= Your task =
Copy, word for word, the lines of the entries below between the one with "Elizabeth Cooper Ortega" and the one with "Service Residence for", inclusive, and leave out everything else.

= Dataset =
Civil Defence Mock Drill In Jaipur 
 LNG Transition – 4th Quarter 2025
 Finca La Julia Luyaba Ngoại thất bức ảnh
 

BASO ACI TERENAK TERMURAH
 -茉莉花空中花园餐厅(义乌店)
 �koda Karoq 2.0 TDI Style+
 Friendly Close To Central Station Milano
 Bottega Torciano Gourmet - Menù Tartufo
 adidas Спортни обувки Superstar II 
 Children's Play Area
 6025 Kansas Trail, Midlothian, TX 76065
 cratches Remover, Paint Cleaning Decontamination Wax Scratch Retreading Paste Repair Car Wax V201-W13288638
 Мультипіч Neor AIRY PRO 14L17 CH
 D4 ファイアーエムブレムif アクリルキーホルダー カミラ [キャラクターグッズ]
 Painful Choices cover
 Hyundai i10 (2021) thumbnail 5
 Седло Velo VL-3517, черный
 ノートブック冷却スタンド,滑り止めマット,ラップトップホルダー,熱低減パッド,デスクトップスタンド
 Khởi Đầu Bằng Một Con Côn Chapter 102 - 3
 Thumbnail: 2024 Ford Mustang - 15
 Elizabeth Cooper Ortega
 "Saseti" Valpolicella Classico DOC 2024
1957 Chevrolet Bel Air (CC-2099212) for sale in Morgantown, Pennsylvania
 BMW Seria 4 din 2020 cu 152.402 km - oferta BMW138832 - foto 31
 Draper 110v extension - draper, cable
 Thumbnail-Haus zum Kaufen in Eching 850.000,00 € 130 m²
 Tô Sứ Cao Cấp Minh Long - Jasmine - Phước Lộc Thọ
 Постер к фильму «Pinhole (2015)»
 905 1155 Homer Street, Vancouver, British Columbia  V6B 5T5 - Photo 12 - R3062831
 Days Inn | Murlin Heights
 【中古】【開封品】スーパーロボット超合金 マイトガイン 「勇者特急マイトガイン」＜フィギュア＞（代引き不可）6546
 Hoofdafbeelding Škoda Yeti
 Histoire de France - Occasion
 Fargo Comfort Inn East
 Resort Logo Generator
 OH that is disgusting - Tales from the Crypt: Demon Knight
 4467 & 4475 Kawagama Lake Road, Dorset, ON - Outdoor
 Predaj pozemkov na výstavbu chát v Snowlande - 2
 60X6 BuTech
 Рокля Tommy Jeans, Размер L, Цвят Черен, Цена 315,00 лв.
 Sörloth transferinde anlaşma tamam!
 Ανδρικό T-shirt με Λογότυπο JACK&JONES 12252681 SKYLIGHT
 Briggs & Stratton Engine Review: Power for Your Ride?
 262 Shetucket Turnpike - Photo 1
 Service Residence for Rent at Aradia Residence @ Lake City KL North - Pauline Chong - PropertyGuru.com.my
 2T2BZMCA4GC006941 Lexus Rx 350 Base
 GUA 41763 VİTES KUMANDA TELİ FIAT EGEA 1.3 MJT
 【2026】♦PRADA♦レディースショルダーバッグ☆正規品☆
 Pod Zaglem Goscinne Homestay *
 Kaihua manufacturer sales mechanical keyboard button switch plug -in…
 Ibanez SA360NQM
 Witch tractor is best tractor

= Reply =
 Elizabeth Cooper Ortega
 "Saseti" Valpolicella Classico DOC 2024
1957 Chevrolet Bel Air (CC-2099212) for sale in Morgantown, Pennsylvania
 BMW Seria 4 din 2020 cu 152.402 km - oferta BMW138832 - foto 31
 Draper 110v extension - draper, cable
 Thumbnail-Haus zum Kaufen in Eching 850.000,00 € 130 m²
 Tô Sứ Cao Cấp Minh Long - Jasmine - Phước Lộc Thọ
 Постер к фильму «Pinhole (2015)»
 905 1155 Homer Street, Vancouver, British Columbia  V6B 5T5 - Photo 12 - R3062831
 Days Inn | Murlin Heights
 【中古】【開封品】スーパーロボット超合金 マイトガイン 「勇者特急マイトガイン」＜フィギュア＞（代引き不可）6546
 Hoofdafbeelding Škoda Yeti
 Histoire de France - Occasion
 Fargo Comfort Inn East
 Resort Logo Generator
 OH that is disgusting - Tales from the Crypt: Demon Knight
 4467 & 4475 Kawagama Lake Road, Dorset, ON - Outdoor
 Predaj pozemkov na výstavbu chát v Snowlande - 2
 60X6 BuTech
 Рокля Tommy Jeans, Размер L, Цвят Черен, Цена 315,00 лв.
 Sörloth transferinde anlaşma tamam!
 Ανδρικό T-shirt με Λογότυπο JACK&JONES 12252681 SKYLIGHT
 Briggs & Stratton Engine Review: Power for Your Ride?
 262 Shetucket Turnpike - Photo 1
 Service Residence for Rent at Aradia Residence @ Lake City KL North - Pauline Chong - PropertyGuru.com.my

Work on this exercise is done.